= Information provided =
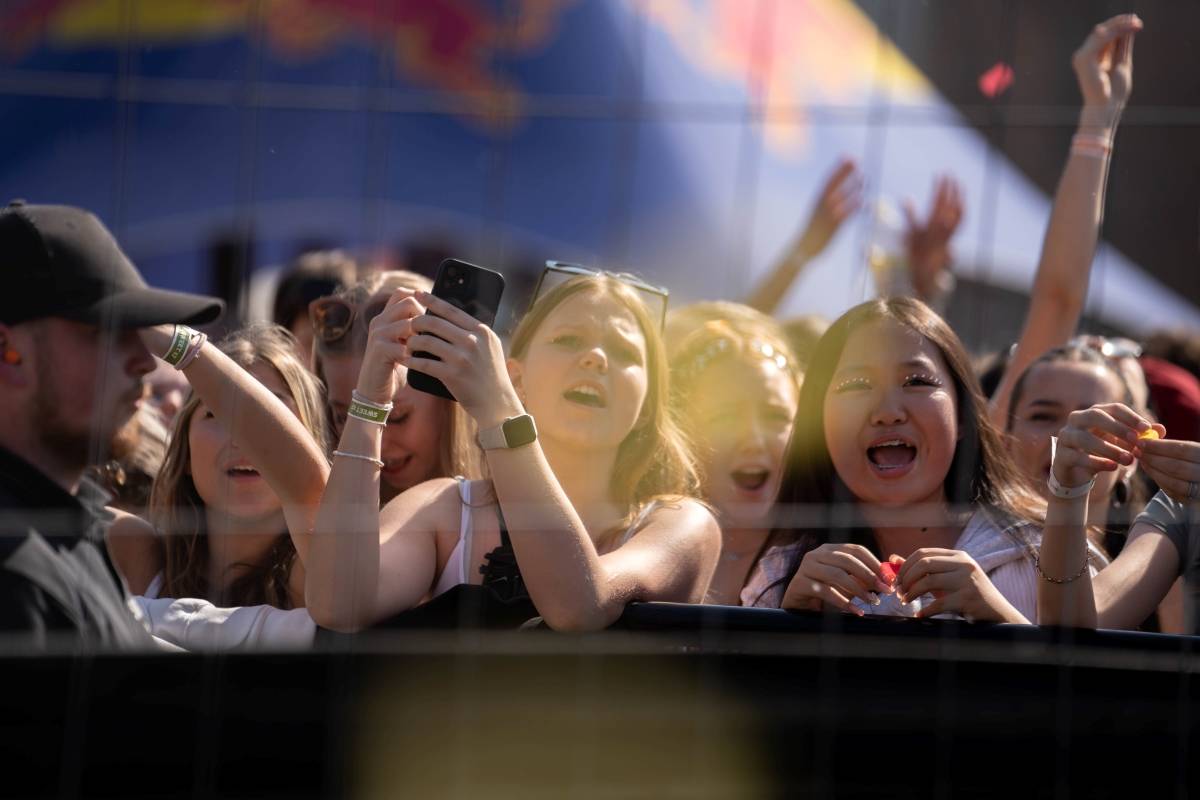 Ostravský Majáles rozezpívali Ewa Farna, Calin, Sofian Medjmedj i Mikolas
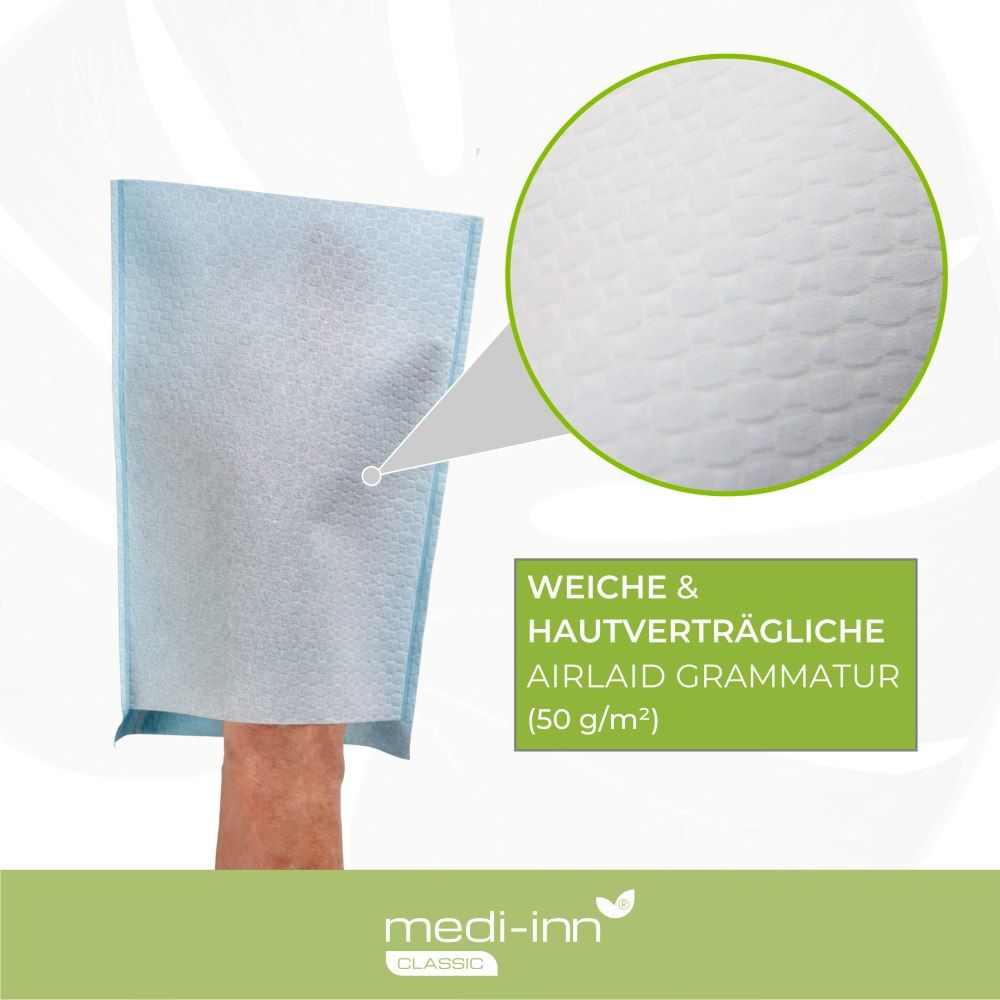 Hellblauer Waschhandschuh auf einer Hand. Text: 'Weiche & hautverträgliche Airlaid Grammatur (50 g/m²)'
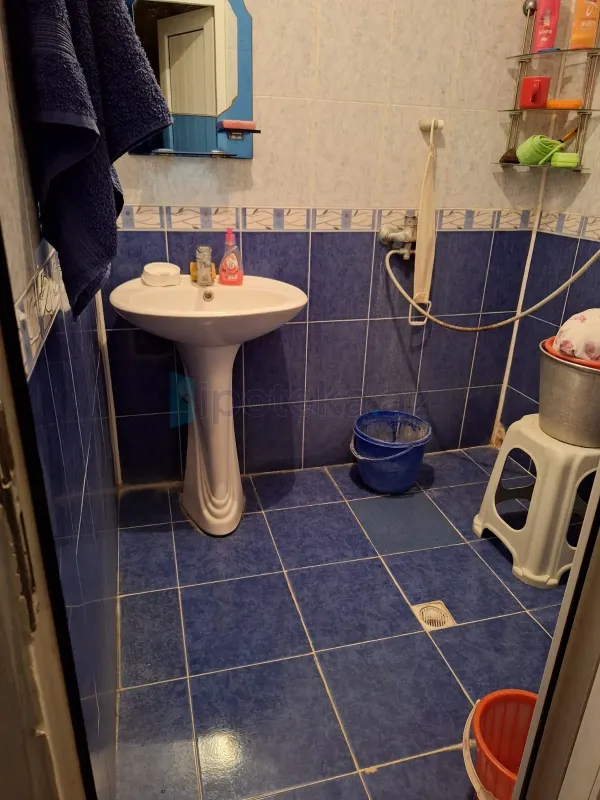 Satılır 2 otaqlı köhnə tikili 60 m²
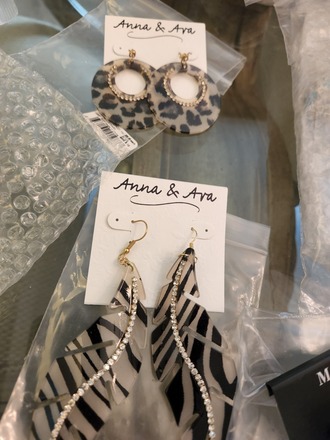 200 pcs mixed fashion jewelry !!!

= Prompt =
Reproduce the listing above exactly, excluding all pictures.

= Task result =
 Ostravský Majáles rozezpívali Ewa Farna, Calin, Sofian Medjmedj i Mikolas
 Hellblauer Waschhandschuh auf einer Hand. Text: 'Weiche & hautverträgliche Airlaid Grammatur (50 g/m²)'
 Satılır 2 otaqlı köhnə tikili 60 m²
 200 pcs mixed fashion jewelry !!!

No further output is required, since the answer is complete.